▶ _TASK REQUIREMENTS_: When you reach the line that contains "Color=Burgundy | Backless", begin copying exactly and continue through the last line below. Do not copy pictures.

[Web page caption snippets]

▼

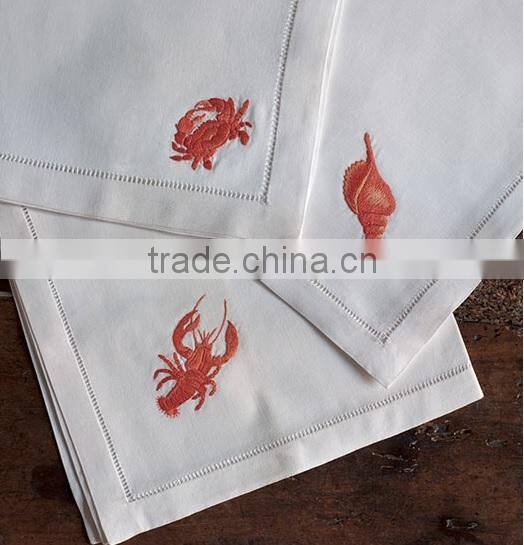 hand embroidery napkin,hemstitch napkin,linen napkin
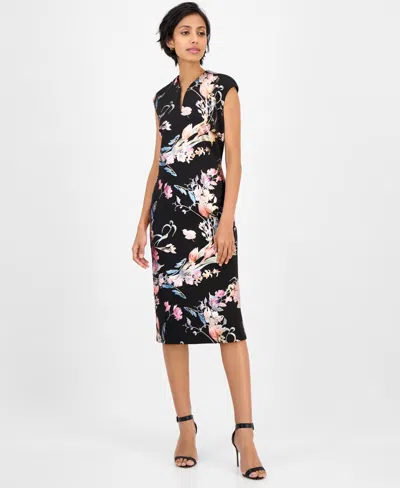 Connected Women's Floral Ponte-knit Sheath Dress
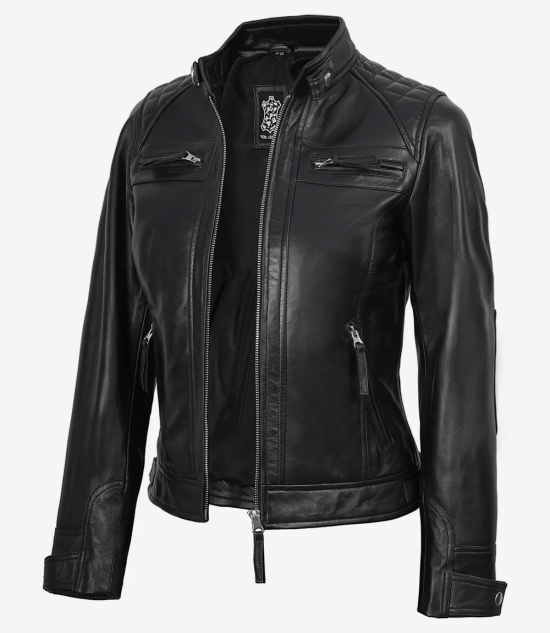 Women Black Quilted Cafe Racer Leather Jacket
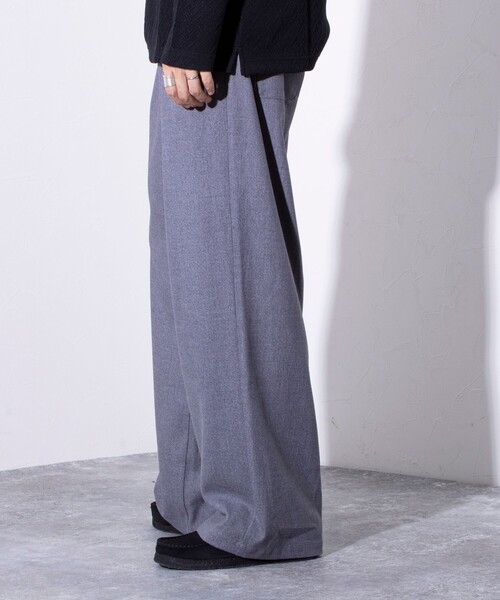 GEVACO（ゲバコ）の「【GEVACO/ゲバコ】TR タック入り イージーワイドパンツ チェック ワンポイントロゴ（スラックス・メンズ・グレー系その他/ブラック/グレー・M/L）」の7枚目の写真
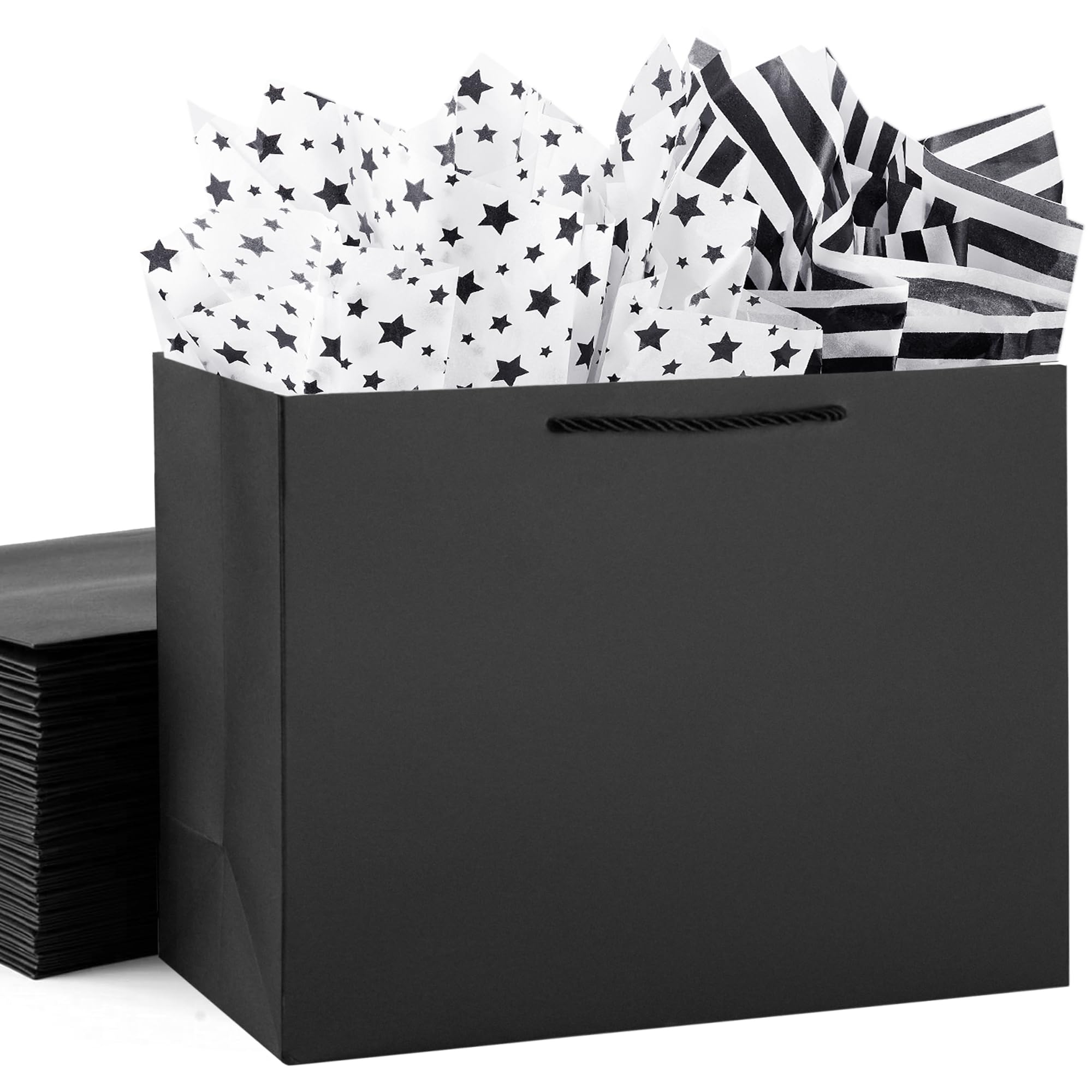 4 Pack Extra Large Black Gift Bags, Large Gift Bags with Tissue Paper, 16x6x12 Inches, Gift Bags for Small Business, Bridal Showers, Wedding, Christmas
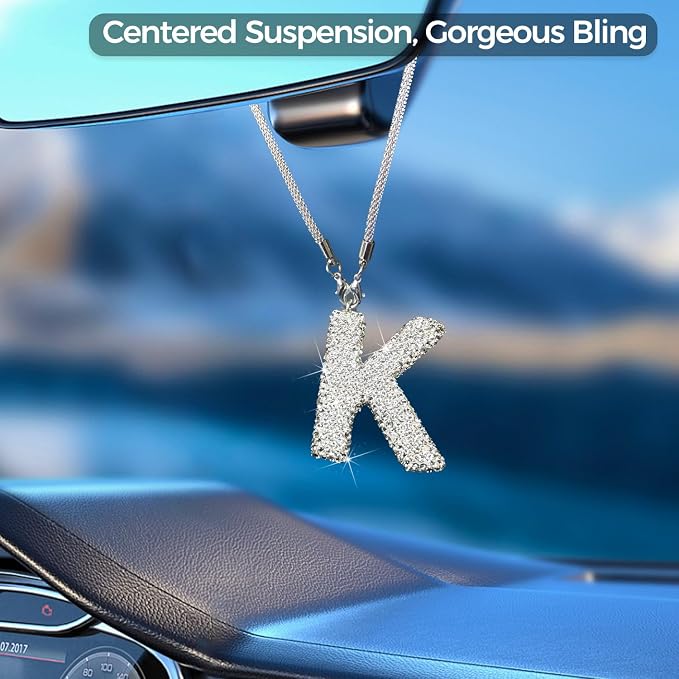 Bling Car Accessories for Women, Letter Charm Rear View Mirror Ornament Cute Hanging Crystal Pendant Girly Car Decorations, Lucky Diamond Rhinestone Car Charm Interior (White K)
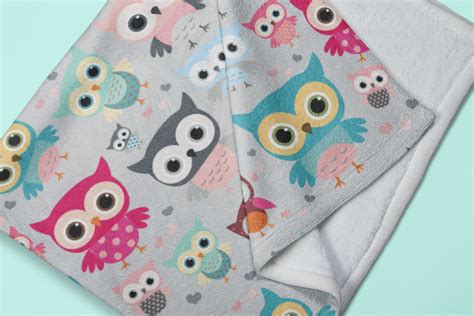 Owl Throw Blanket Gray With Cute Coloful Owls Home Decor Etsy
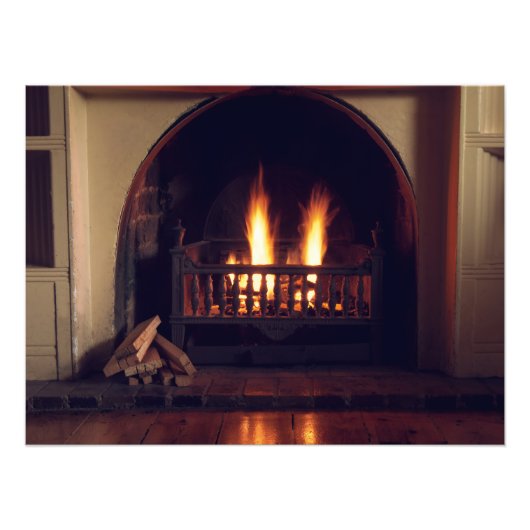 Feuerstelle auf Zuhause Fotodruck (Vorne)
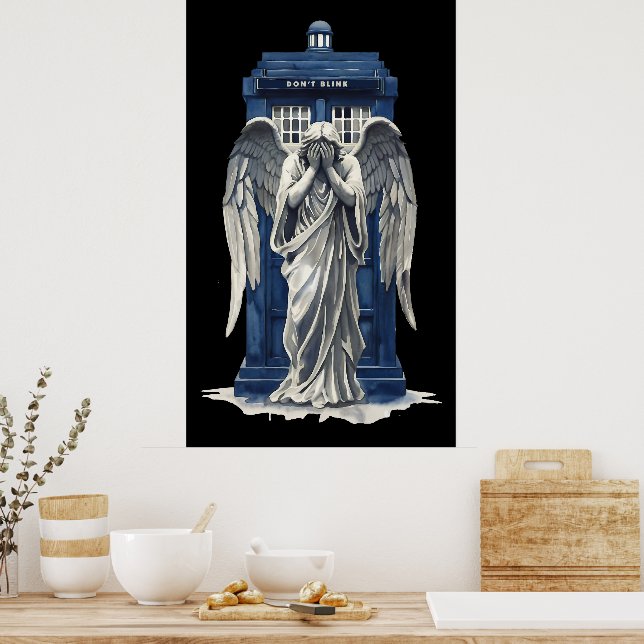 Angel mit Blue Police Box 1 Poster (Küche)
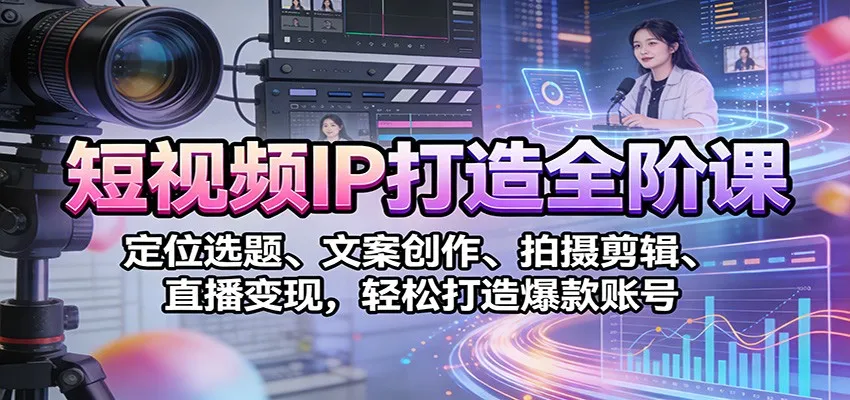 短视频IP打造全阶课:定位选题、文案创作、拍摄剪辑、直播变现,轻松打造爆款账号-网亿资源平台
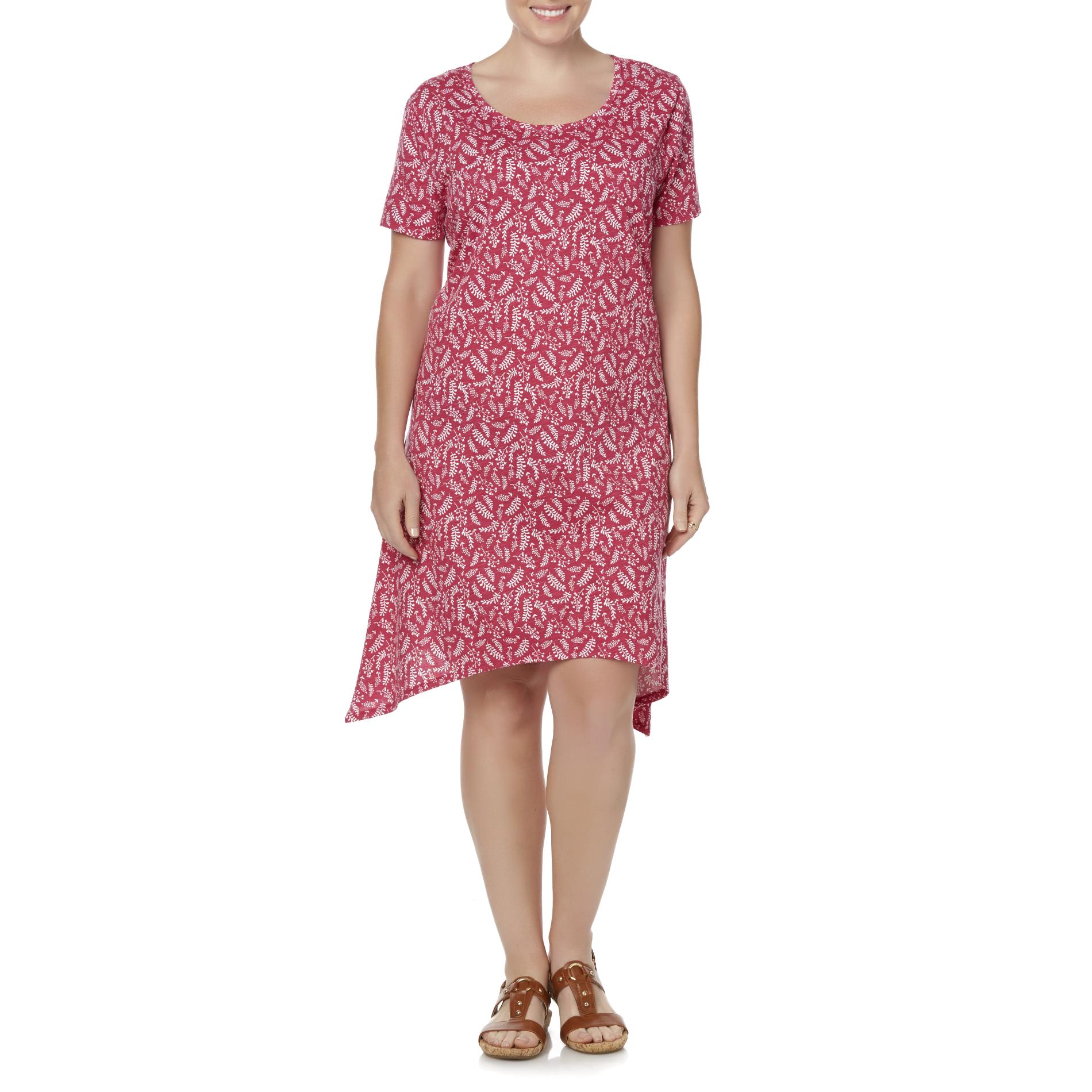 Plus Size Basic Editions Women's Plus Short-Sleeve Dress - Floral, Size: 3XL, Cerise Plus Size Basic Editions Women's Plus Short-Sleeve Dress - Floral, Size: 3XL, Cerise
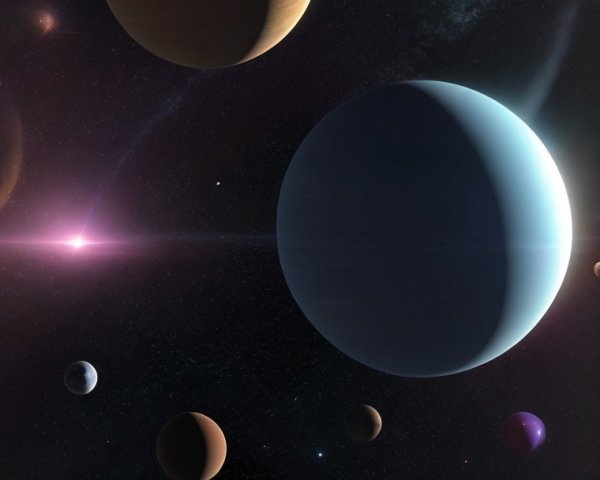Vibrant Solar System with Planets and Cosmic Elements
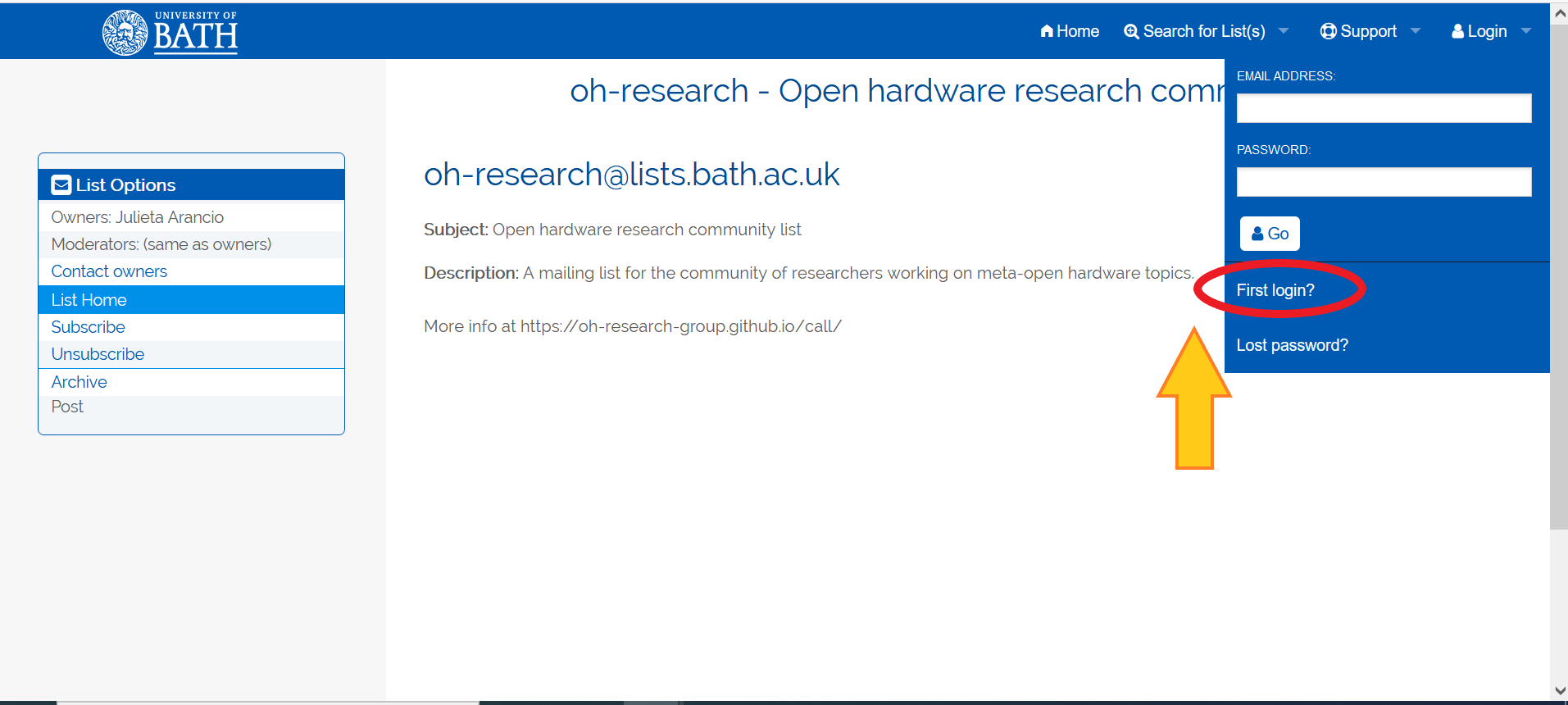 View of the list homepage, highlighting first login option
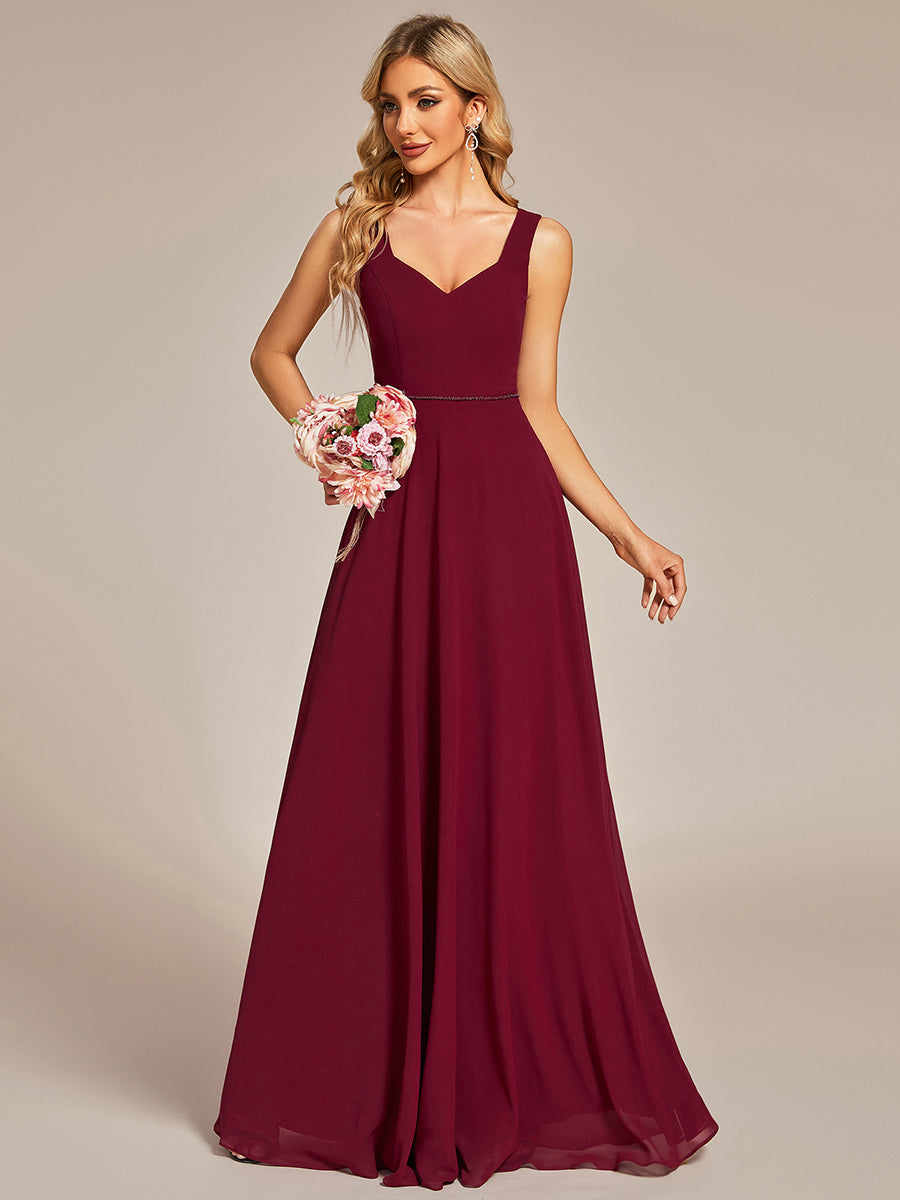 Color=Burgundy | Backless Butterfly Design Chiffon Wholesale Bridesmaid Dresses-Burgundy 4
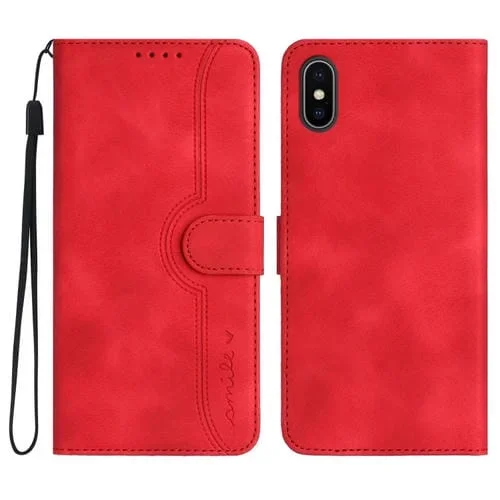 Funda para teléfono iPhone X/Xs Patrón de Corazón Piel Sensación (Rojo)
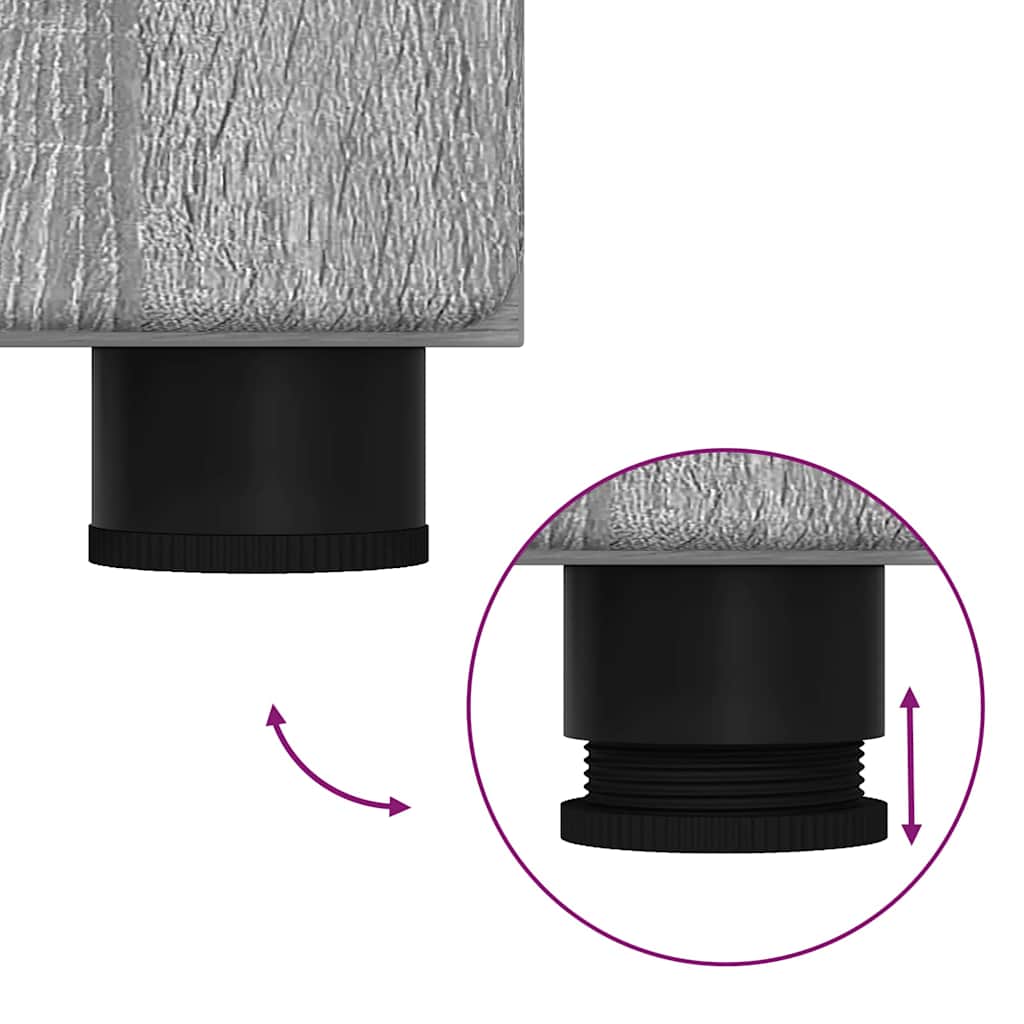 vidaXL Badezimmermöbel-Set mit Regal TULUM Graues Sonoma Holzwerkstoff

▲

▶ _EXPECTED ANSWER_:
 Color=Burgundy | Backless Butterfly Design Chiffon Wholesale Bridesmaid Dresses-Burgundy 4
 Funda para teléfono iPhone X/Xs Patrón de Corazón Piel Sensación (Rojo)
 vidaXL Badezimmermöbel-Set mit Regal TULUM Graues Sonoma Holzwerkstoff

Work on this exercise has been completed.